Touching keyboards

2014-10-15

So I may be using a 20 year old keyboard. But I can't say the design of current available keyboards impress me. Somewhere between then and now there was the "innovation" of adding additional keys, lit keys, and programmable keys. In fact, new boards seem to be returning to so called "mechanical keyboards", which sounds like a step backwards to me. Then again, anything is a step forward for me ;)

tldr; I'm looking for a new fancy keyboard :)

So when I started to search for a new board I kinda knew what I was looking for. And in this day and age I was sure it'd be available somewhere. It's really simple actually. I just want a touch screen under my fingers. Not to look at, but to operate with. Fully configurable, which can serve as a mouse as well, and possibly some meta data like with gaming or hardware details. It could still have tactile feedback, palm rests could help you put yourself in the right spot. Tiny rugged frames could help you orientate for the keyboard while still keeping the possibility to use the whole thing as a mouse. I mean, come on. We're in the tablet era. This step is only making more sense the more you think about it.

But. No. The closest thing I could find is a concept that's been proposed in 2010, kickstarted as tricktrack and funded in triplicate in 2011, showed up as the "Luminae Keyboard" in 2013, but seems to have vanished in 2014. Domains have been parked. The web is only showing screenshots. (This page seems to suggest it's still a thing though... but the timestamp of 2011 doesn't bode well either).

Alternatives. So I'm a gamer and a coder. On linux. This means many of the fancy pancy boards that need some kind of aux software are quickly eliminated since they generally don't work with linux. Beyond that I don't need a zillion buttons. I do want the regular keyboard, of course. Regular arrow keys. Regular layed out home/end/del etc. And some kind of keypad, since that's pretty much the only way I can quickly type long numbers blind. I don't mind if the keypad double serves as a touch pad, in fact, I'd probably love that.

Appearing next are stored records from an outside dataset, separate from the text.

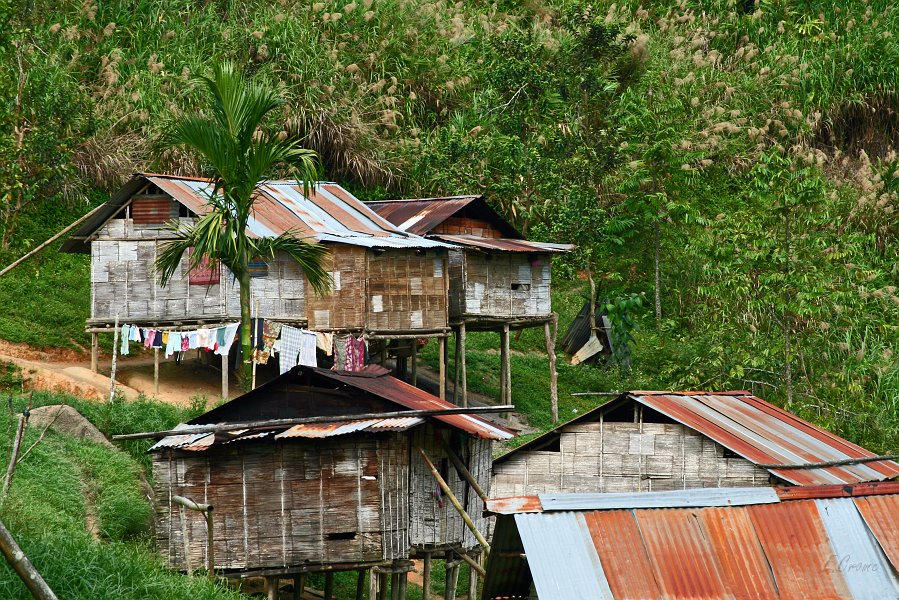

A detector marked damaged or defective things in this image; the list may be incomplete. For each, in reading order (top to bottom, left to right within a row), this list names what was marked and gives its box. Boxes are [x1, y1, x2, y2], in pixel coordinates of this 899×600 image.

rusty corrugated metal roof [432, 234, 572, 253]
rusty corrugated metal roof [492, 390, 899, 488]
rusty corrugated metal roof [486, 482, 899, 600] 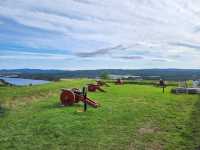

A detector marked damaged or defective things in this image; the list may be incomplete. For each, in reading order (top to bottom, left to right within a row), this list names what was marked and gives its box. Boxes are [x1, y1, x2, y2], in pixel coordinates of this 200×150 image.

rusty cannon [59, 88, 99, 108] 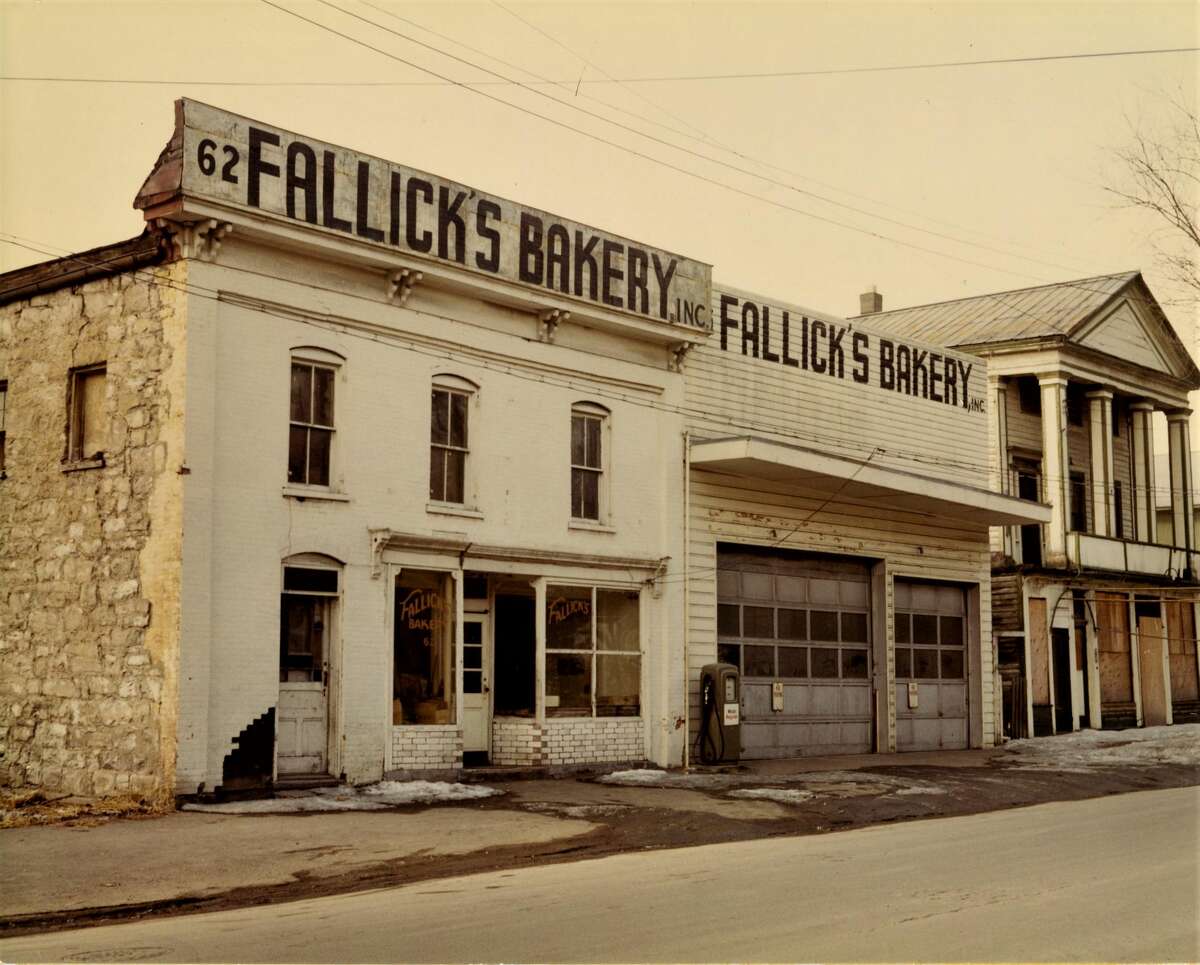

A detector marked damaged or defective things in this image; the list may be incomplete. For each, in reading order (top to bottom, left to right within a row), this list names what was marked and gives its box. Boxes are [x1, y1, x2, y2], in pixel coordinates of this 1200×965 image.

rusted metal flashing [0, 231, 166, 307] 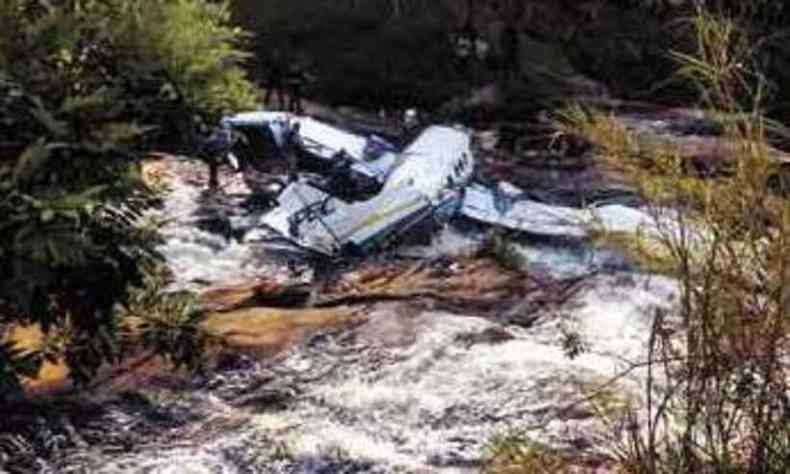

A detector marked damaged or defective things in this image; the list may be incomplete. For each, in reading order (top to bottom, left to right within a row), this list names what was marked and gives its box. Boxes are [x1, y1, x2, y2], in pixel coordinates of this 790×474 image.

crashed aircraft [220, 111, 648, 260] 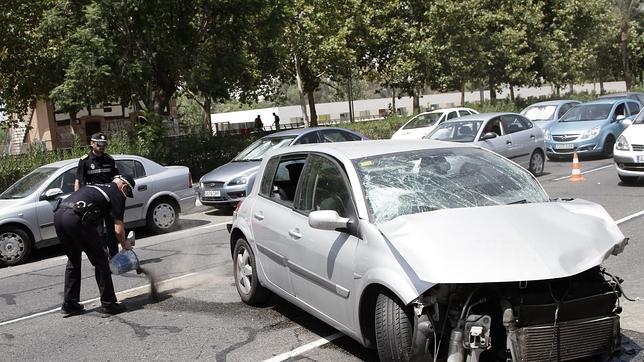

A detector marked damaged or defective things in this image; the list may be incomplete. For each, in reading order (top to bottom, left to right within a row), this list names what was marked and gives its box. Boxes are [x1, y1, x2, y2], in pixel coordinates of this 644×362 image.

shattered windshield [402, 113, 442, 132]
shattered windshield [426, 121, 480, 142]
shattered windshield [520, 104, 556, 121]
shattered windshield [560, 104, 612, 122]
shattered windshield [231, 136, 296, 161]
shattered windshield [0, 166, 57, 198]
shattered windshield [352, 148, 548, 223]
damaged silver car [228, 139, 628, 362]
crushed car hood [378, 199, 624, 284] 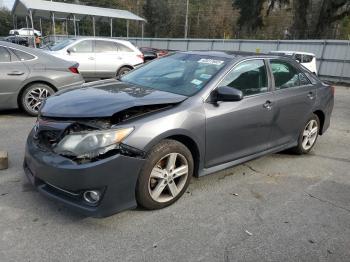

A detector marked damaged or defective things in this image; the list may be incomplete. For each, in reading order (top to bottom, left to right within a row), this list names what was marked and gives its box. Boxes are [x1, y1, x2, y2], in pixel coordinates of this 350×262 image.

crumpled hood [39, 79, 187, 117]
broken headlight [53, 127, 134, 158]
damaged front bumper [23, 130, 146, 218] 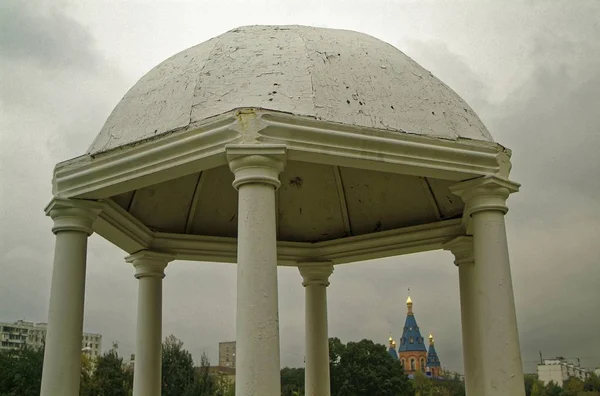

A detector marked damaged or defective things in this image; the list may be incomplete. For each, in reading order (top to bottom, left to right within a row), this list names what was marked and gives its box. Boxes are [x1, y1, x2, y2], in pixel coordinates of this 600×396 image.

peeling paint on dome [88, 25, 492, 155] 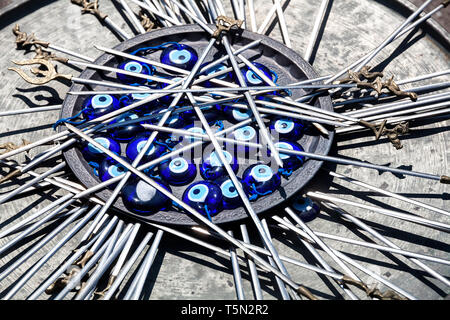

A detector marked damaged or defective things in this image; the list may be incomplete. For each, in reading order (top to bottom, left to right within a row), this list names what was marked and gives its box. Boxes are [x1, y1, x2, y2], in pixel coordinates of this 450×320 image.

rusty metal bracket [71, 0, 108, 20]
rusty metal bracket [212, 15, 243, 39]
rusty metal bracket [8, 58, 72, 84] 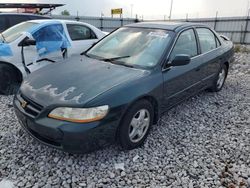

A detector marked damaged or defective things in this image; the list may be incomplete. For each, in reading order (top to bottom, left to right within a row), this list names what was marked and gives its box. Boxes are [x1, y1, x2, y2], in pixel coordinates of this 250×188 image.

damaged white car [0, 19, 106, 94] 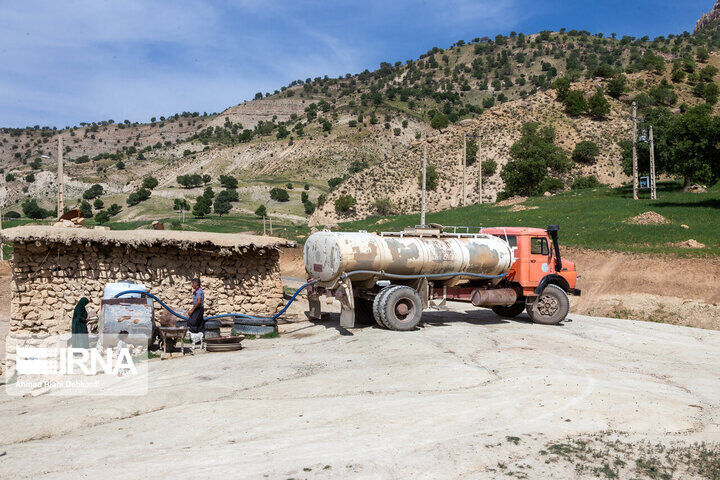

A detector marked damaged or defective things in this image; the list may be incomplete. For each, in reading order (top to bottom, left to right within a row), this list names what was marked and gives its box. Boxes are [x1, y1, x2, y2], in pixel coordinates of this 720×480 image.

rusty vehicle [302, 225, 580, 330] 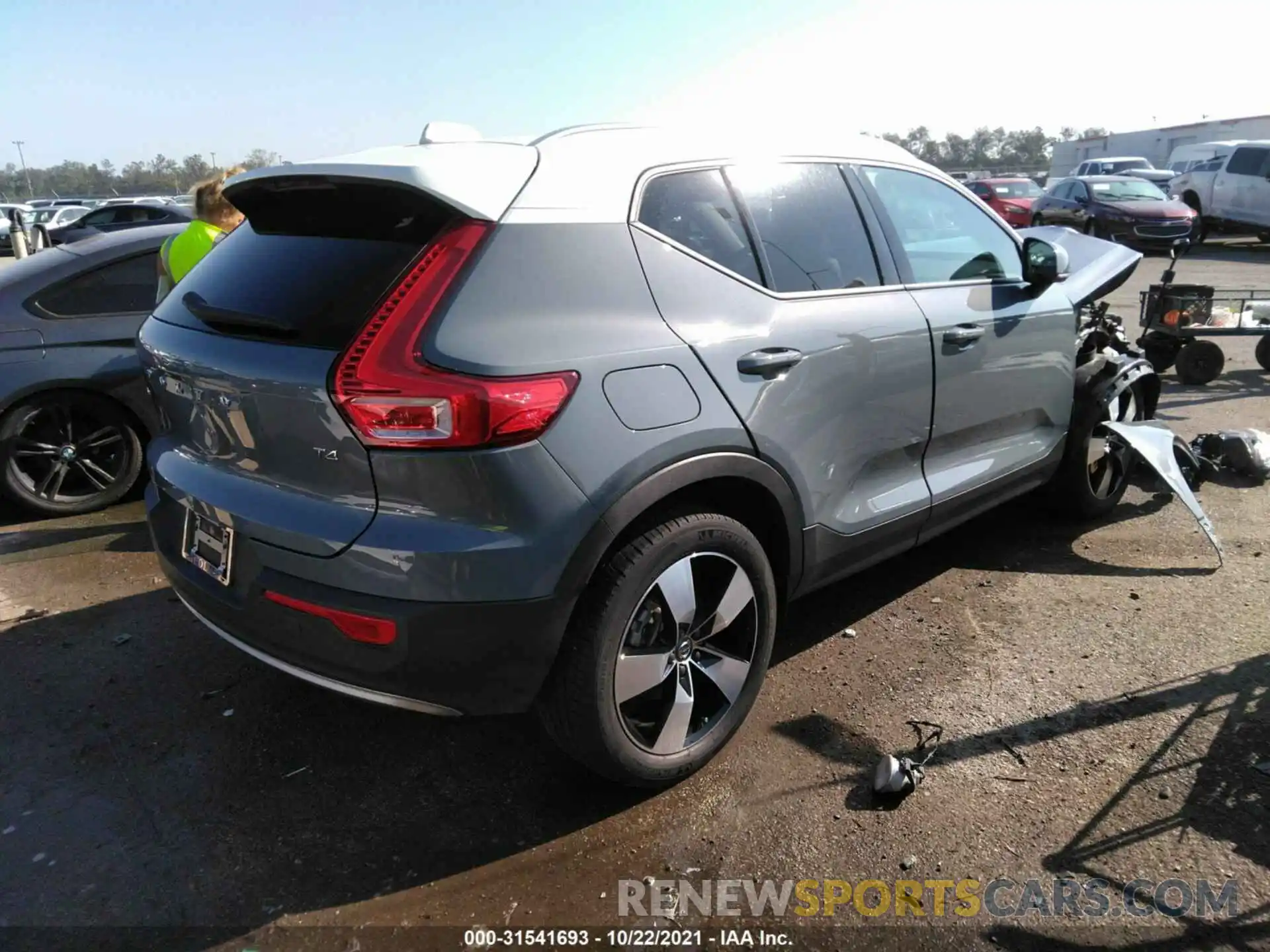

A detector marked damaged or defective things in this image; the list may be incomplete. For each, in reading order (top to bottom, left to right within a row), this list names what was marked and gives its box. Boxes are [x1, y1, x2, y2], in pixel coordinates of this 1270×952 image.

Scrounging the net for keyboards turned up only a handful candidates. Which is super disappointing. Come on, this is 2014, where's the innovation? Okay so onto the models I did like.

The model that's currently peaking my interest is the "RAZER Deathstalker Ultimate Elite gaming keyboard".

Here's the model:



And here's what it really looks like:



The two differ a bit but I don't think that surprises anybody here. The keyboard has a flat design, which is what I was wanting to try anyways. It won't have these mechanical keys so I'm not sure how that'll work out. Normal arrow keys and insert/del pad. I'm sure the print screen and pause buttons function as usual, despite their logo. So onto the main selling point; the touch screen. If you do an image search for this model you'll quickly see that the buttons at the top are programmable, including their icons. The other features seem pretty standard to me.

It has a steep price though. About 250 euro/dollar. But I'm not too concerned about the price tag for something I may use another 20 years ;)

This model is probably the first I'm going to check.

The next model is the "MadCatz S.T.R.I.K.E. 7". Yeah.

Here's the model:



And here's what it really looks like:



So, some elephants in the room. There's a heads up display thing. I'm drawn to the board partially because of that. Though at the same time I don't see myself lunge my palm from the rest just to touch it. It's different from a touchpad at the keypad area because you actually have to lift your arm in order to touch it. I know that sounds trivial, but when I can see this becoming very tedious in the long run.

The board is very customizable. Various parts can be moved around to construct your ideal layout. While that's a nice feature, I still (think I) prefer the default layout so I probably wouldn't change that. Makign it kind of a waste on me.

I'm very curious to the left-hand palm rest. It looks... weird. And I'm wondering if the gap in the middle won't be annoying. Then again, I don't seem to be touching that area right now either, but I'm on a split keyboard and it makes a little more sense there. Either way, I'm not sure on the rest. May be awesome, may be nuisance.

This board looks like it may have mechanical keys but apparently it doesn't. Domes all the way.

The price is higher than the razer, about 300 euro/dollars.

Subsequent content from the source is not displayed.